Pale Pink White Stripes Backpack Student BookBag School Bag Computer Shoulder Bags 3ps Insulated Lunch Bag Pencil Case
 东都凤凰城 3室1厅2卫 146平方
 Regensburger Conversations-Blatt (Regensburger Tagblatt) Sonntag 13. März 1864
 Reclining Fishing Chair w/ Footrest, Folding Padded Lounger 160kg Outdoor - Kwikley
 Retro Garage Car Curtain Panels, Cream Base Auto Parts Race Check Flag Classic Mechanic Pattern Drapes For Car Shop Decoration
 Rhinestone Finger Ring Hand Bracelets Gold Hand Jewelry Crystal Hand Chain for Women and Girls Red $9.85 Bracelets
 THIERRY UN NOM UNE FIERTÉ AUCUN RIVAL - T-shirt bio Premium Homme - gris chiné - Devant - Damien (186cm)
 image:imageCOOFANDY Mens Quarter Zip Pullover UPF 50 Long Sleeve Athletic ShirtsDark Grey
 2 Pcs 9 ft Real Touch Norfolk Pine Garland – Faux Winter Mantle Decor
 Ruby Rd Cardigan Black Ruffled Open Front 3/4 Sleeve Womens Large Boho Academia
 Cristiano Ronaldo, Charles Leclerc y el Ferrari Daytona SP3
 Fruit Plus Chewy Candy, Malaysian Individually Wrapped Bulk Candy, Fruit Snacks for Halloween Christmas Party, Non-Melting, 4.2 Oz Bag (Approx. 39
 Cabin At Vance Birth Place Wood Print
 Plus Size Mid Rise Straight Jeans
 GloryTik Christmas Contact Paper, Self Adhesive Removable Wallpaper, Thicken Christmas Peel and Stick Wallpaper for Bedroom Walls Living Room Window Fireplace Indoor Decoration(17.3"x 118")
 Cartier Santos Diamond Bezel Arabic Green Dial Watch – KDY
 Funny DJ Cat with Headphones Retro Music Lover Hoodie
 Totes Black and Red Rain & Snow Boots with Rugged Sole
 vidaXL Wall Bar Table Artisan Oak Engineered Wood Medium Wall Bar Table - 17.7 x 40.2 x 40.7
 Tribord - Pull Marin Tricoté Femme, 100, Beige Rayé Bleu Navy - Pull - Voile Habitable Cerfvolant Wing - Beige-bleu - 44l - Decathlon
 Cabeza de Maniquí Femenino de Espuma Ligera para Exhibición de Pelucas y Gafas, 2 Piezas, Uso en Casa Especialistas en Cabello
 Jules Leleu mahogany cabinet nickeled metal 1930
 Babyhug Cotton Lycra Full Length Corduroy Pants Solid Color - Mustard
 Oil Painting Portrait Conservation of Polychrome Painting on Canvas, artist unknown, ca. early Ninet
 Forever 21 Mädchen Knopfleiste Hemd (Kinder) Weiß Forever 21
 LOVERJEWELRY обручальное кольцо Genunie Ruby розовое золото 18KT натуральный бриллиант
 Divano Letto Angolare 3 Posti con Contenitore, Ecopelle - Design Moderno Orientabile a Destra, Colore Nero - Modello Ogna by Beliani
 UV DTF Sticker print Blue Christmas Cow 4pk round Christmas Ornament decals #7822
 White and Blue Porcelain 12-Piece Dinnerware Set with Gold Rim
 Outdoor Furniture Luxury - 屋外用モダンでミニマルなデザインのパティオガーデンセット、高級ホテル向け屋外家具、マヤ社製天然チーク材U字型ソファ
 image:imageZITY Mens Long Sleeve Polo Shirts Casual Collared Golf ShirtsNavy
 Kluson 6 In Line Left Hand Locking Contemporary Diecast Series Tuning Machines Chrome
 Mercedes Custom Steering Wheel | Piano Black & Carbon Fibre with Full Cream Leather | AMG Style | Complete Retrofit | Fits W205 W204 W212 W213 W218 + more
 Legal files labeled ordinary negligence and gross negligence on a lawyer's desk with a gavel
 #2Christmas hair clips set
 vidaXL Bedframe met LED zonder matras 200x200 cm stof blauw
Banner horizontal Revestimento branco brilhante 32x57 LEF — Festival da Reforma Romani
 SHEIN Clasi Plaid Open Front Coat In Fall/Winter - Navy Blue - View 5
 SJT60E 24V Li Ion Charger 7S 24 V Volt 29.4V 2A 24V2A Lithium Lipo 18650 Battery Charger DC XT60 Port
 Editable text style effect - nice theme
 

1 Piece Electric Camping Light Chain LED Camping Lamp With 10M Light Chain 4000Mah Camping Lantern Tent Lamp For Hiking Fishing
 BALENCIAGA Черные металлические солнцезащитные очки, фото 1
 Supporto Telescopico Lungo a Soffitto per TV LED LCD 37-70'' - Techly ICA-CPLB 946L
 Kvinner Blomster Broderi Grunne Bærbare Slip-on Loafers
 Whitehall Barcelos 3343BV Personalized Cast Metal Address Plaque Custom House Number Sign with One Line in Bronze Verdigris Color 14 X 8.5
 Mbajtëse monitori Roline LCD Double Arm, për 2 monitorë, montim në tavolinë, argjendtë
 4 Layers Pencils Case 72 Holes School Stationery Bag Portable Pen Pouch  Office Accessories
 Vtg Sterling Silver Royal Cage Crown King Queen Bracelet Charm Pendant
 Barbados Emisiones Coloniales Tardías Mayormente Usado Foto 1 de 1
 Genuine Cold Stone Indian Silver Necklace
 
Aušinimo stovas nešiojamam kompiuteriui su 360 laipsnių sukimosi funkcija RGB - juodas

------------------------------------------------

Aim of the exercise —
All that is wanted is the line with "4 Layers Pencils" and every later line in the entries, reproduced exactly.

Solution —
 4 Layers Pencils Case 72 Holes School Stationery Bag Portable Pen Pouch  Office Accessories
 Vtg Sterling Silver Royal Cage Crown King Queen Bracelet Charm Pendant
 Barbados Emisiones Coloniales Tardías Mayormente Usado Foto 1 de 1
 Genuine Cold Stone Indian Silver Necklace
 
Aušinimo stovas nešiojamam kompiuteriui su 360 laipsnių sukimosi funkcija RGB - juodas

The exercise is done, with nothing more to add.